LOS ANGELAS’DAKİ LACMA MÜZESİNDE OSMANLI-TÜRK YEMEKLERİNİ TANITACAĞIZ
Ben Türkiye'yi, bizi tanıtmak, Türk misafirperverliğini, Türk aile yapısını anlatmaya çalışmak yani marka olmasını çok arzu ediyorum. Tüm iştiraklerimizde Türkiye’nin tanıtımına somut destek vermek amacımız. Mevcut projelerimize yoğunlaşmış durumdayız şuan için.
Bunlardan birisi 2024 yılı ilkbaharında Los Angles’daki ünlü LACMA müzesinde Osman- Türk Yemeklerinin tanıtımını T-ONE derneğimiz olarak yapmayı düşünüyoruz.
CENEVİZ TİCARET YOLUNU UNESCO DÜNYA MİRASI LİSTESİ’NE ALDIRMAK İÇİN ÇALIŞIYORUZ
T-ONE derneğimizin “Ceneviz Ticaret Yolunda Akdeniz’den Karadeniz’e Kadar Kale ve Surlu Yerleşimler” projemiz var. Dünyanın en önemli ticaret yollarından biri olan Ceneviz Ticaret Yolu ile ilgili UNESCO Dünya Mirası Listesi'ne alınması nezdindeki çalışmalarımız, T.C Kültür ve Turizm Bakanlığı Kültür Varlıkları ve Müzeler Genel Müdürlüğü ile sürüyor.

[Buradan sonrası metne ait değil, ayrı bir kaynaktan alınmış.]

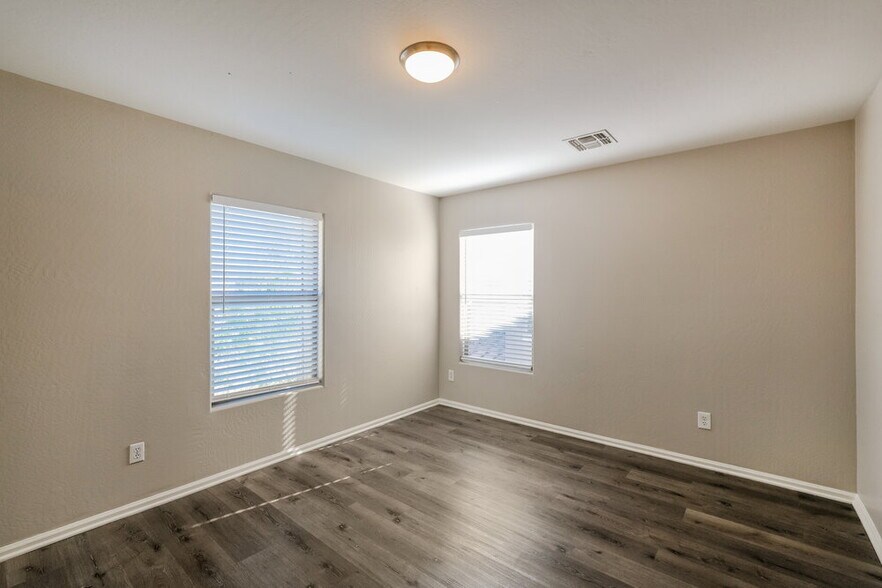 Building Photo - 10911 W Mariposa Dr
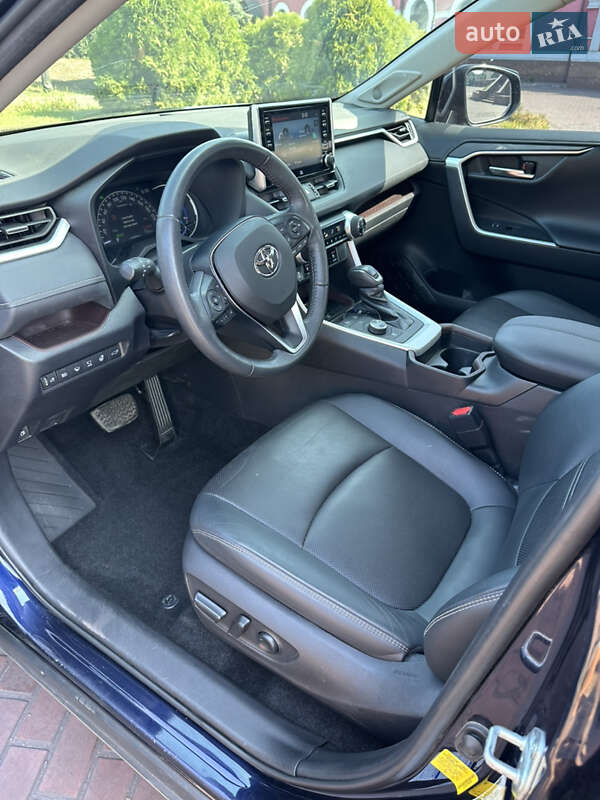 Внедорожник / Кроссовер Toyota RAV4 2021 в Днепре фото 16 Внедорожник / Кроссовер Toyota RAV4 2021 в Днепре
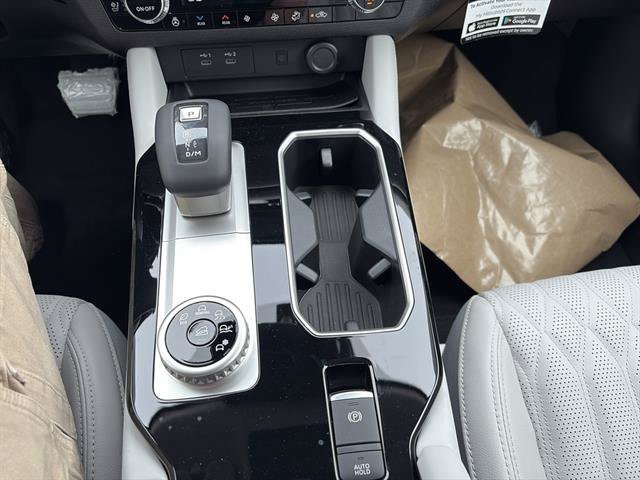 New 2026 Mitsubishi Outlander SEL FWD image 29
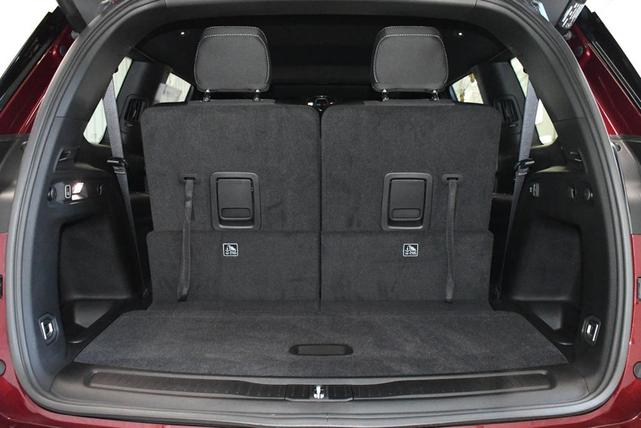 Photo of 2025 Velvet Red Pearlcoat Jeep Grand Cherokee L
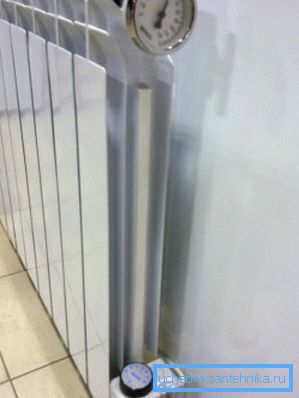 Elektrikli ısıtma elemanı ile Bimetalik radyatör Elektrikli ısıtma elemanı ile Bimetalik radyatör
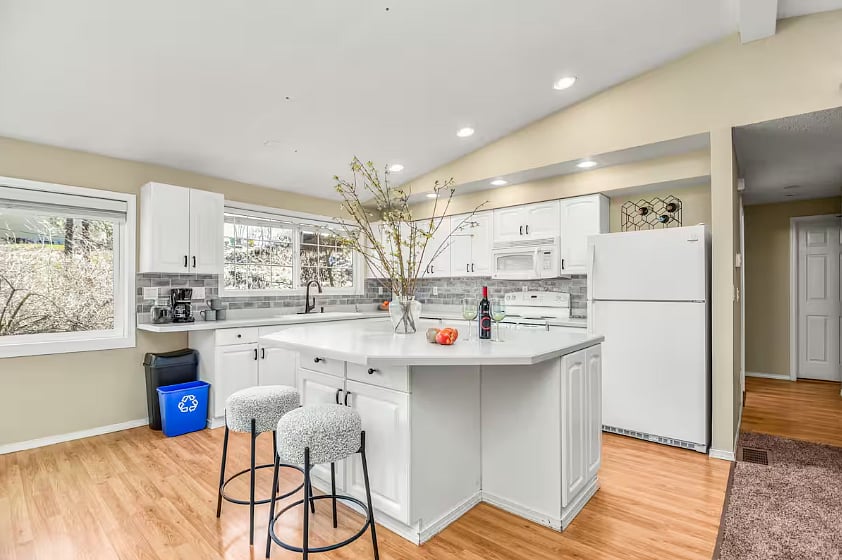 Furnished Finder property 1035366_1 photo 4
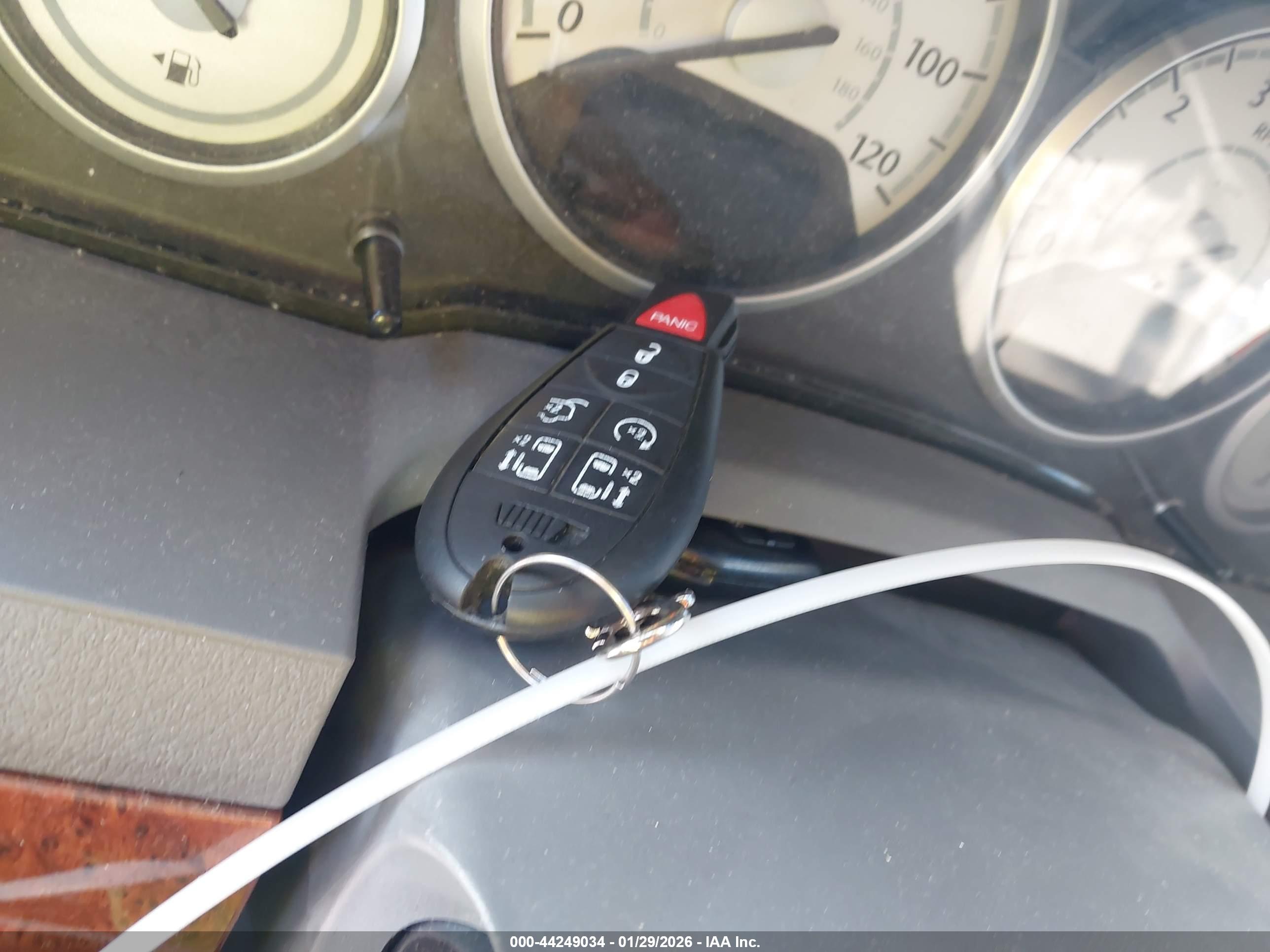 CHRYSLER TOWN image 11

Bu önemli varlığımızın anlatılması ve sahip olduğumuz bu değerle ilgili farkındalık çalışmalarımız var.
2024 yılında UNESCO’nun merkezi Paris'te bir etkinliğimiz olacak. Burada Türkiye ve İtalya'da yaptığımız etkinliklerin nihai sunumunu gerçekleştirmeyi düşünüyoruz.
MACARİSTAN’IN DEBRECEN ŞEHRİ ADANA’YA BENZİYOR
(Demet Sabancı aynı zamanda Macaristan’ın Adana ve bölgesi fahri büyükelçisi) Türkiye ve Macaristan arasındaki tarihi ve kültürel bağlar kadar ekonomik ilişkilerin geliştirilmesi, Macar vatandaşlarının Türkiye ile ilgili konulurda aldıkları hizmetin nitelik ve niceliğinin artırılması ve iki ülke arasındaki kadim ilişkinin ebedi olarak sürdürülmesi noktasında güçlü bir kararlılığa sahibim.
İki ülke haklarının ve devletlerinin uyumlu ve güçlü ilişkisine sağlayacağım bu katkıdan gurur duymakta ve bu önemli ideale hizmet etme noktasında milli ve insani olarak güçlü bir motivasyon hissediyorum açıkçası. Macaristan ı seviyorum... Budapeşte ve özellikle Debrecen ile Adana da çok benzer yanlar görüyorum...
Tanıtım, kültür alışverişi noktasında birçok çalışmalarımız oldu ve devam edecektir.